Halo effects vs cannibalisation in the marketing mix
Brands spend money to drive sales, only to find themselves fighting a bidding war on their own brand terms and using social media to drive sales through wholesale and retail partners. The sales happen all the same, but the murky and complex interplay between direct and indirect retail channels means that money is definitely being wasted along the way. The whole point of improved attribution is optimising marketing spend to align with what is really driving sales through the whole funnel, but when the funnel leads customers down into a range of competing retail end points, out of the box Attribution tools just won’t give you the right answers,
Different margins
Brands selling through their own Direct to Consumer websites and channels will have a different margin for cost of goods than purchased through a retail media channel.
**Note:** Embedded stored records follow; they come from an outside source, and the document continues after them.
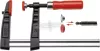 BESSEY TG menetorsós temperöntvény szorító minőségi fa markolattal 160/80mm TG16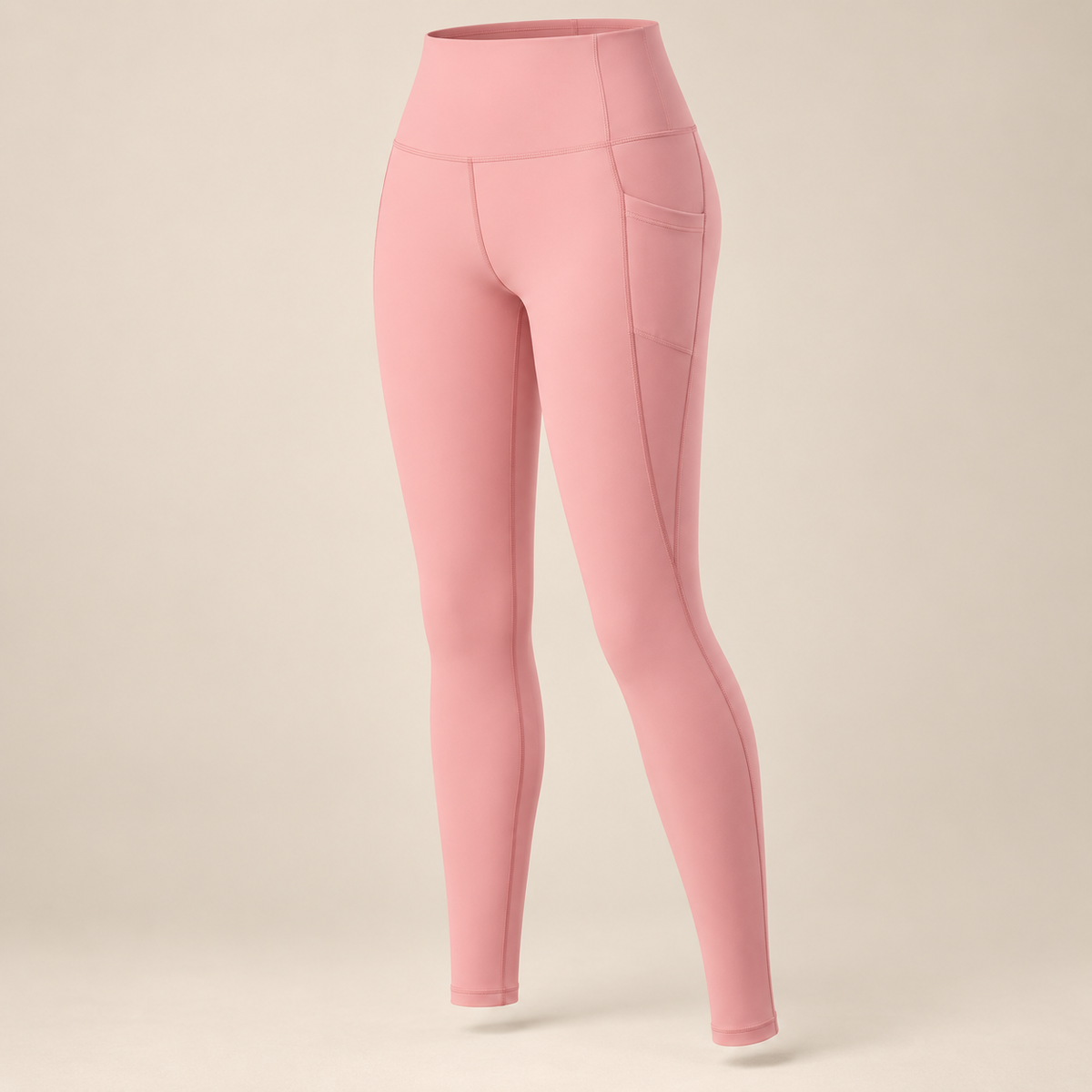Legging Randonnée Neige Femme — taille haute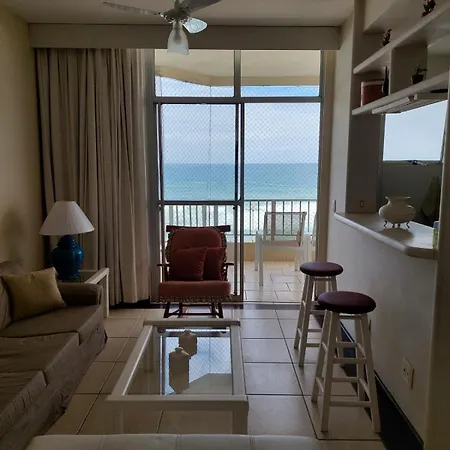 Barra Palace Com Vista Total Do Mar Rio de Janeiro Exterior photo
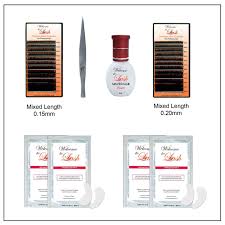 Lavish lashes® is the premier lash company in the industry. Eyelash Extensions Kits For Beginners Welcome To Lash Supply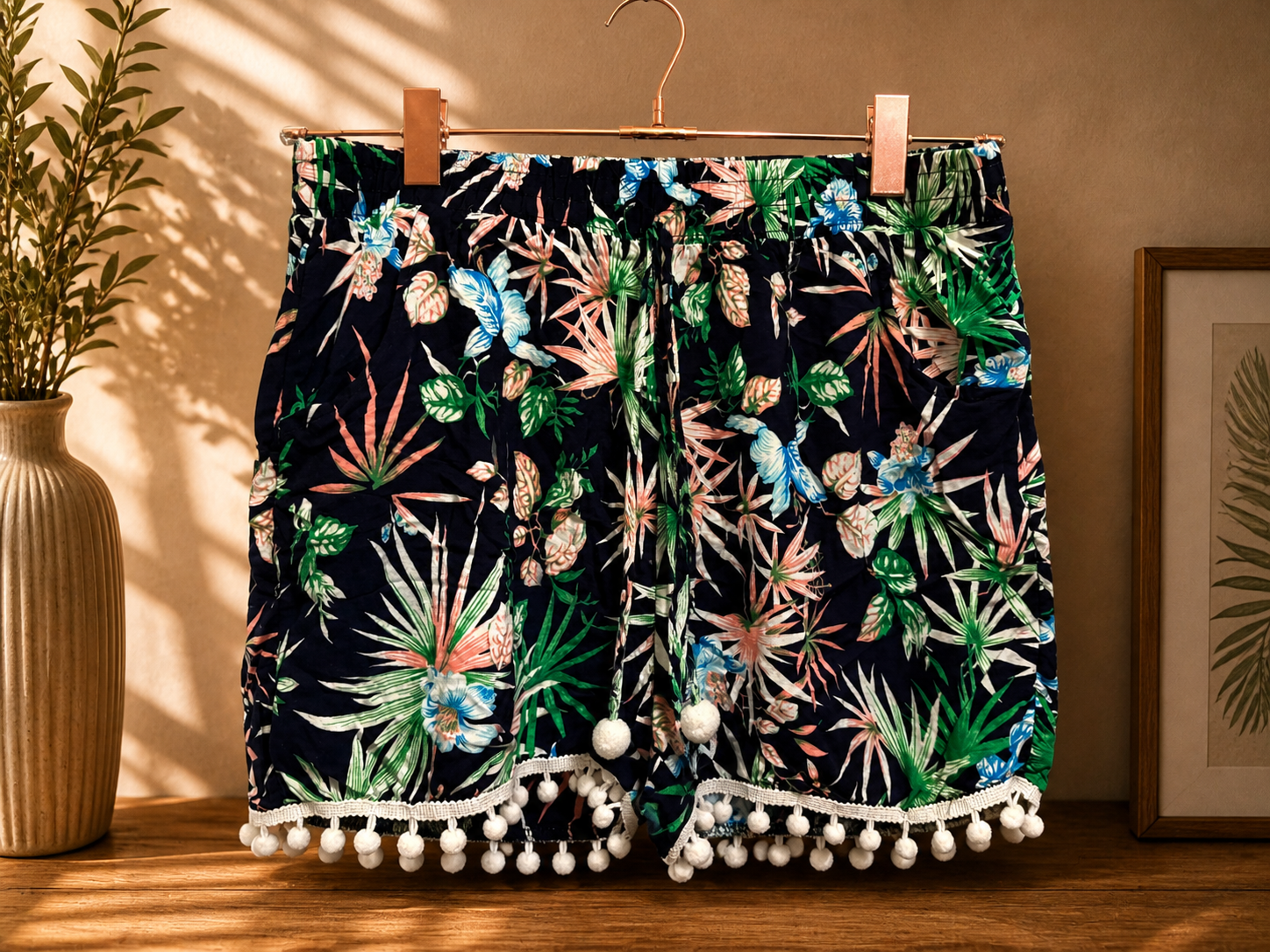 SHORT ETE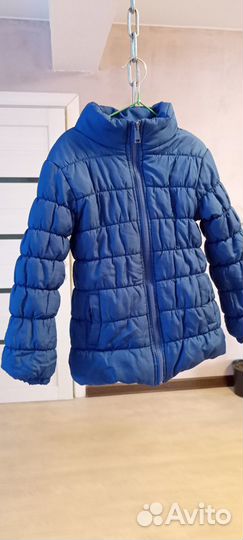 Куртка детская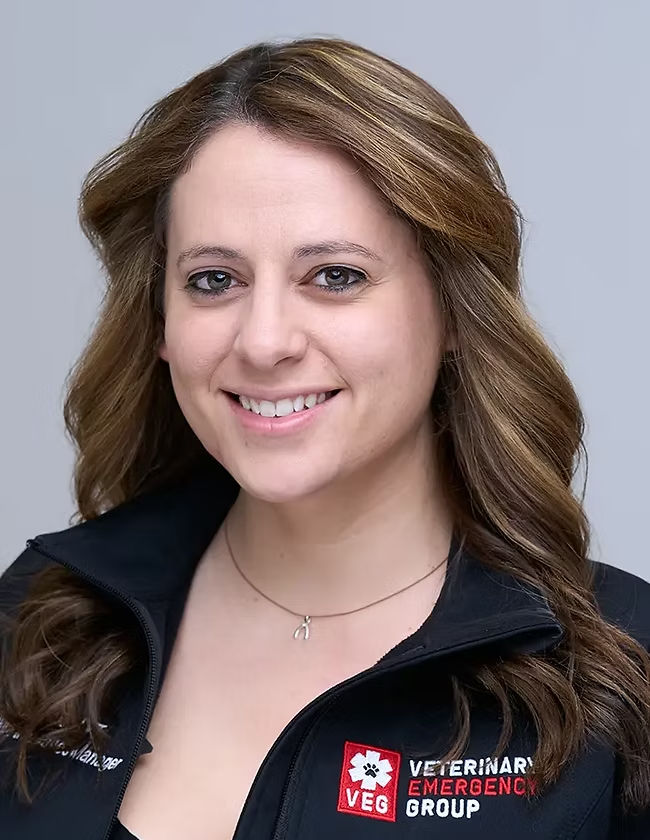 Portrait of Lizzy Blatus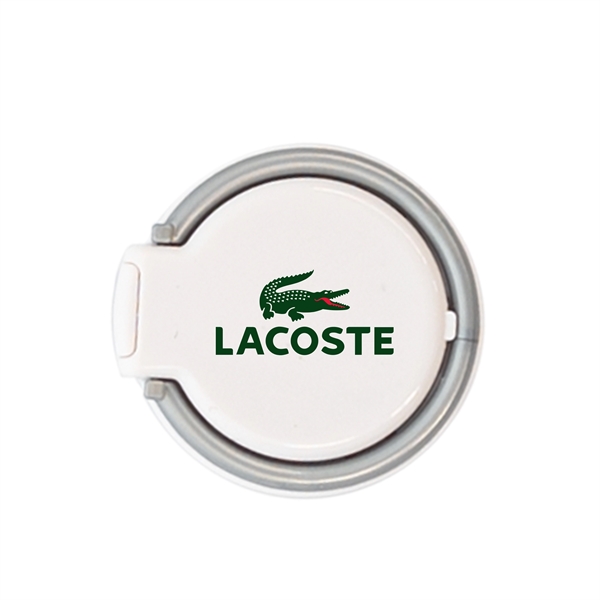 White color option for Phone Ring And Stand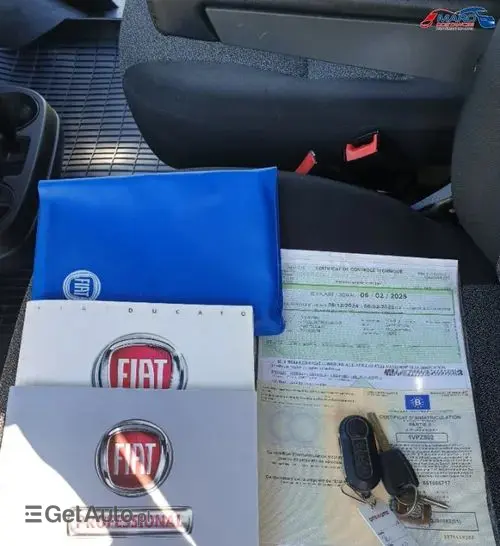 FIAT Ducato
However, many brands are simply not factoring in all the different costs of each channel at a margin level to make a true calculation on the advertising ROI.
How to address this challenge
Here at Croud we are pioneering new ways to answer this knotty challenge for our customers through custom attribution across a number of methodologies.
Custom Attribution
using the retail media API’s to manage sales conversion data to connect data together is the first step in this chain and it depends on which retail media channels are being used. If Amazon is a large part of your retail puzzle connecting to the Amazon API should be a priority to manage attribution across the funnel. Custom attribution is where your first party data is used to train a predictive data-driven attribution model that is unique to your brand, and allows you to split out more accurate marketing KPIs between different retailers and products.
Using custom attribution and market mix modelling together
If the retail channel you are using is a black box, with limited data visibility, then we build a base of attribution using accessible data sources and overlay an element of MMM modeling to manage external data such as brand impressions from retail media and social platforms where the customer journey is hidden by the retailer. This approach unifies the available data sources for precise short term decision making and crucially also helps answer the bigger long term questions needed to set marketing budgets for the year.
No two brands are quite alike, and the exact mix of direct and indirect retail, and the use of wholesalers and physical store networks, means that the widespread challenge of retail media attribution has many variants. A custom approach, with analytics built exclusively for you by an expert team of marketing analysts and data scientists, gives you the very best shot at cracking the retail media attribution code.